Classic Goulash. This is the classic goulash made in the mid-west, USA, not Hungarian Goulash. I grew up on this in Iowa, but we used Worchestershire sauce instead of soy sauce, no bay leaf. Chef Breanna of Lakeshire wants five pieces of Tough Condor Meat, five Great Goretusk Snouts and five helpings of Crisp Spider Meat.
Goulash (Hungarian: gulyás) is a soup of meat and vegetables usually seasoned with paprika and other spices.
Originating in medieval Hungary, goulash is a common meal predominantly eaten in Central Europe but also in other parts of Europe.
Classic German goulash recipe: beef, beef broth, onions, tomato paste, sweet paprika and other spices.
You can have Classic Goulash using 5 ingredients and 4 steps. Here is how you achieve that.
Ingredients of Classic Goulash
- You need 1 lbs of ground beef.
- You need 1 of small onion, diced.
- You need 1 of tall can spaghetti sauce.
- You need 1 of spaghetti sauce can of beef broth.
- It's 7 oz of macaroni noodles.
This recipe does not use any thickeners and is naturally thick. Goulash is a stew of beef and vegetables, seasoned with paprika and other spices. Serve with macaroni noodles and you've got a meal the whole family will love. Classic old fashioned American style goulash recipe, made with ground beef, veggies, and pasta.
Classic Goulash step by step
- Sautee onions..
- Brown beef with onions. If you used 20% or more fat, drain..
- Add noodles, sauce and 1 can of water or stalk..
- Simmer til noodles are done. Approx. 10 mins..
Authentic Hungarian Goulash recipe with step-by-step photos and cooking tips, spiced up with history and facts about Hungary's most popular dish.
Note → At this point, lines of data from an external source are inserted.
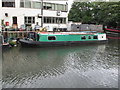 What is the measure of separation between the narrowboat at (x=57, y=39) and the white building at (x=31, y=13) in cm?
574

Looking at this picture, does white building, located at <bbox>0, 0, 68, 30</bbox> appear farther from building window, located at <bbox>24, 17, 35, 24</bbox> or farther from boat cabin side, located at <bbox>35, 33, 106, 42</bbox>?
boat cabin side, located at <bbox>35, 33, 106, 42</bbox>

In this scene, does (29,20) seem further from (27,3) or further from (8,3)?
(8,3)

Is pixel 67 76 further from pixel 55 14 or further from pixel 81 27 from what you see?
pixel 81 27

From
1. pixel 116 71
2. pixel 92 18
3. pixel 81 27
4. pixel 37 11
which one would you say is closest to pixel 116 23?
pixel 92 18

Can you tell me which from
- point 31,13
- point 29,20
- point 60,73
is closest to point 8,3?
point 31,13

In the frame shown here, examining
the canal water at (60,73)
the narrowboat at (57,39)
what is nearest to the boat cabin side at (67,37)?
the narrowboat at (57,39)

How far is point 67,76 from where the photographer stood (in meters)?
12.1

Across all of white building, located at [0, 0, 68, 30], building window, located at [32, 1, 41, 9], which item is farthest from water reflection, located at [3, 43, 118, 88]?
building window, located at [32, 1, 41, 9]

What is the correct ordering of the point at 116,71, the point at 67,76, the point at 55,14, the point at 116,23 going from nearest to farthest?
the point at 67,76, the point at 116,71, the point at 55,14, the point at 116,23

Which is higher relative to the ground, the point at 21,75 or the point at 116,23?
the point at 116,23

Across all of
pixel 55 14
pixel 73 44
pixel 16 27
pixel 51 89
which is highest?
pixel 55 14

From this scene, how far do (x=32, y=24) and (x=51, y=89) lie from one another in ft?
67.5

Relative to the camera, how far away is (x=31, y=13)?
95.5 ft

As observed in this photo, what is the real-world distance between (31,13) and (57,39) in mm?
7750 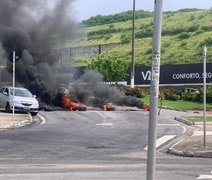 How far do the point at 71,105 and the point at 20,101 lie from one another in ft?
17.5

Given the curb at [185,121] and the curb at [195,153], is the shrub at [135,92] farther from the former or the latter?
the curb at [195,153]

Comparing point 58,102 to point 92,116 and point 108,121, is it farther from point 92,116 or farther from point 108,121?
point 108,121

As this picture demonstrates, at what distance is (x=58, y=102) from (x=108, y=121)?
11.1m

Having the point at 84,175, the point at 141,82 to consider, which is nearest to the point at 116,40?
the point at 141,82

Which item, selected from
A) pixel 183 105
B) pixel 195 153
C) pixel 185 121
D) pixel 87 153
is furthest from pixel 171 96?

Amercian Goulash is a delicious and easy one pot dinner recipe that combines ground beef with elbow macaroni, peppers, onions, tomatoes and tons of flavor! A classic, family-favorite dish packed with tons of flavor. Give this classic and hearty dish a go for dinner this week. An easy and delicious recipe for Classic American-Style Goulash loaded with ground beef in a tasty tomato sauce.